On February 28, 2017, President Donald J. Trump signed an Executive Order directing the Environmental Protection Agency (EPA) and the Army Corps of Engineers (Corps) to review the Obama Administration’s Clean Water Rule, known as the WOTUS rule, which stands for Waters of the United States. Under the Clean Water Act (CWA), a person must acquire a permit to dredge and fill within “waters of the United States,” which includes wetlands. President Trump’s Executive Order directs the EPA and the Corps to consider interpreting the term “waters of the United States” as the late Justice Antonin Scalia did in the United States Supreme Court’s plurality opinion Rapanos v. United States, 547 U.S. 751 (2006) (Rapanos). There, Justice Scalia interpreted the CWA to include jurisdiction over more permanent water bodies and wetlands that have a continuous surface water connection to those more permanent water bodies. In contrast, the Obama Administration’s formulation of the WOTUS rule adopted Justice Anthony Kennedy’s interpretation from Rapanos, which defined the CWA’s jurisdiction to include water bodies and wetlands that have a “significant nexus” with those water bodies. The current WOTUS rule was challenged in court and is currently subject to a stay while the Supreme Court considers a different jurisdictional issue. The Trump Administration is motivated to replace the current WOTUS rule before the end of 2017 because once the Supreme Court decides the jurisdictional issue, it could call into question the stay and potentially cause the current WOTUS rule to go into effect.

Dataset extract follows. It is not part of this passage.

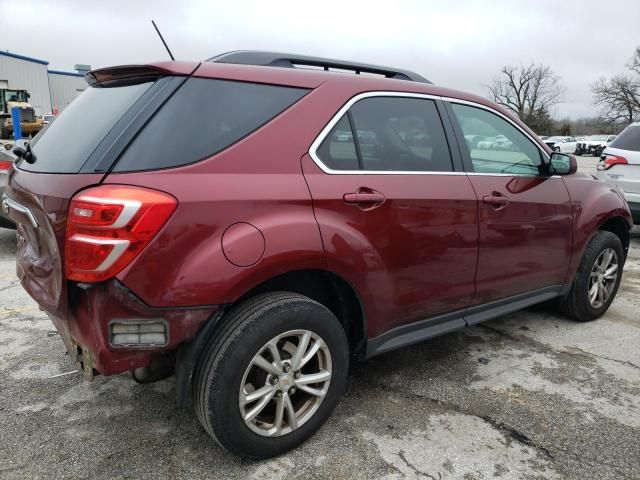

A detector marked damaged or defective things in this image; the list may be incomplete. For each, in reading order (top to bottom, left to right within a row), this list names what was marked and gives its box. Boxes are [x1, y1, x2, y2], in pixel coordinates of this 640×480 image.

rear bumper damage [46, 282, 219, 378]
cracked pavement [0, 157, 636, 476]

The EPA and the Corps announced their plan to revise the WOTUS rule in two steps. First, the EPA will develop a rule to withdraw the current WOTUS rule and recodify the 1986 rule. Second, the EPA will propose a new WOTUS rule that is consistent with Justice Scalia’s opinion in Rapanos. On April 26, 2017, the Senate Environment and Public Works Committee held a hearing to review the technical, scientific, and legal basis for the current WOTUS rule. Retired Corps Major General John Peabody testified that the Corps’ advice had not been adequately incorporated into the creation of the current WOTUS rule, and noted that several Corps memos had been sent to the EPA regarding criticism of the legal and scientific basis for the rule. Specifically, the current WOTUS rule sets a specific distance that a wetland can be from a navigable waterway to be considered a “water of the United States.” Major General Peabody questioned whether a specific distance could survive a challenge in court because it places an arbitrary restriction on the Corps’ jurisdiction. However, the former EPA Deputy Administrator for Water, Ken Kopocis, testified that the Corps’ criticism of the WOTUS rule came very late in the process, and therefore, the rule could not be rewritten to include the Corps’ suggestions.
Although the revision of the WOTUS rule is imminent, it may be difficult to revise the rule quickly. A federal agency’s action can be overturned if it is found to be arbitrary or capricious. Therefore, a new WOTUS rule could run into legal trouble if the EPA and Corps do not thoughtfully consider the current scientific consensus and any new developments that could influence their decision making. An additional wrinkle in this process is that other federal courts have agreed that Justice Kennedy’s interpretation of the WOTUS rule is the controlling opinion, so a new WOTUS rule that interprets the jurisdiction according to Justice Scalia’s interpretation will be ripe for a lengthy court battle that could end in yet another Supreme Court opinion on the issue.